On Nov. 6, the voters in Jefferson County and across the state will face an important issue that will affect not only our response to the current opiate epidemic, but will have long-term detrimental effects on our legal system and on the places we call home.

The importance of this issue cannot be overstated, as evidenced by the unanimous position of law enforcement, prosecutors, judges and commissioners. We have grave concerns about the effect of this constitutional amendment and we cannot stress enough how ineffective Issue 1 would be in the battle against the opioid epidemic.

First, a constitutional amendment is very difficult to modify, and modification will be necessary to respond to our state’s and communities’ ever changing needs. A constitutional amendment is, for all practical purposes, carved in stone. A constitutional amendment is not the appropriate legal mechanism to address the opiate issue or any other issue relating to our criminal justice system.

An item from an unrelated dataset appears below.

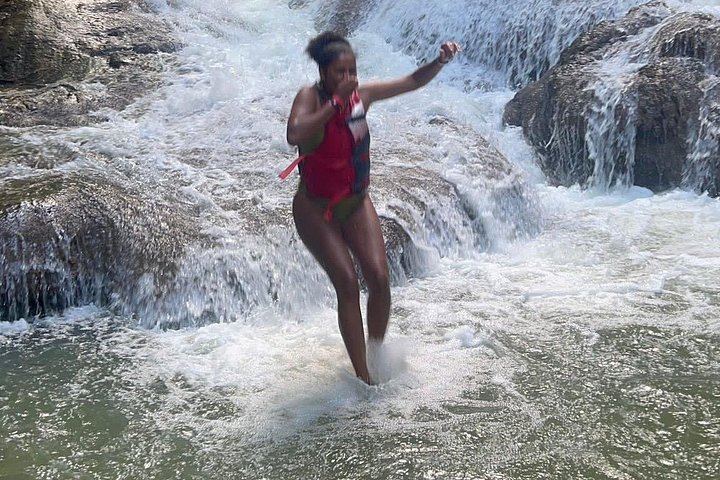 Dunn's River Falls Climb with Ocho Rios Town Shopping and Lunch Stop (5/5)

Second, those in favor of Issue 1 would have the public believe that treatment is not being implemented in our communities. Nothing could be farther from the truth, as evidenced by the Jefferson County Drug Court programs, not only in juvenile court as well as all of county courts and Steubenville Municipal Court, but at the highest level, in our common pleas courts as well. More than 50 percent of those individuals currently in the Jefferson County Drug Court Program are at the F5 level for possession of drugs.

The drug court participants have access to treatment that most in our community cannot afford even with insurance. Drug Court participants have an entire team devoted to their success with the goal of returning them to the community as law abiding citizens with no felony record and the ability to work, pay taxes and take care of their families. Issue 1 would destroy our drug court programs.

Third, minimizing drug possession crimes, such as possession of Fentanyl, takes our approach to handling the opiate crisis in the wrong direction. The misdemeanor amount of Fentanyl that would be permitted under Issue 1 is sufficient to kill 10,000 people. Furthermore, this small amount could be used as a chemical weapon on a wide-scale basis. We have seen the dangers of Fentanyl. It has killed our first responders, law enforcement officers and those unintended victims who have come into contact with it. This proposed amendment would destroy our ability to effectively punish people who possess lethal amounts of Fentanyl.

Issue 1 would not address the prison population. Currently, there are approximately 50,000 individuals incarcerated in our prisons. Only an estimated 2,600 of those individuals are there for fourth- and fifth-degree felonies (which are the lowest level felonies.)

Currently, the F4 and F5 offenders who are in prison are those who have repeatedly not followed treatment plans, have re-offended, committed additional crimes or repeatedly violated the terms of their probation and treatment plan. Issue 1 would place those individuals back on our streets and leave our justice system unable to protect the many law-abiding people who live here.

Issue 1 will not make Ohio safer. In fact, it will remove all ability for law enforcement and the court system to deal with this issue in any meaningful way. The current judicial and legal system provides incentive for those who otherwise would not seek or comply with treatment plans.

The carrot-and-stick approach is effective. Rarely do those with addiction voluntarily seek meaningful treatment. As the Ohio State Coroner’s Association has stated, our jails will be empty, but our morgues will be filled. Minor crimes and low-risk offenders are already mandated to participate in drug treatment with a series of graduated responses to motivate compliance with treatment programs. Issue 1 would again remove all motivation for treatment. It is not an exaggeration to state that Ohio streets would become even more flooded with deadly drugs. Drug offenders from nearby states, such as West Virginia and Pennsylvania, will seek out our communities because penalties here will be lower than many, if not all, other states.

The most recent fiscal study done for this proposed constitutional amendment concludes that the numbers just don’t add up. It will not put more money into treatment. The anticipated funds would be insufficient to be applied to state-administered rehabilitation programs and victims of crime funds.

Issue 1 is not limited to drugs of abuse like Fentanyl and heroin — even someone possessing large quantities of the “date-rape” drugs would be protected and could not go to jail. The anticipated Ohio voters are being misled into believing that this proposed constitutional amendment would provide help to addicts and help with prison overpopulation. It will do neither.

We urge you to vote no on Issue 1.

(This column has been signed by Jefferson County Common Pleas Judges Joseph J. Bruzzese Jr., Michelle G. Miller and Joseph Corabi; Jefferson County Municipal and County Court Judges John Mascio Jr., Michael C. Bednar, Lisa Ferguson and David J. Scarpone; Magistrate Frank Noble Jr.; Jefferson County Prosecutor Jane M. Hanlin; Jefferson County Commissioners Thomas Graham, Dave Maple and Tom Gentile; Jefferson County Sheriff Fred Abdalla; Jefferson County Drug Task Force Detective Jason Hanlin; Wells Township Capt. Sean C. Norman; Steubenville City Manager James Mavromatis; and Tricia Maple-Damewood, president of the Jefferson County Chamber of Commerce.)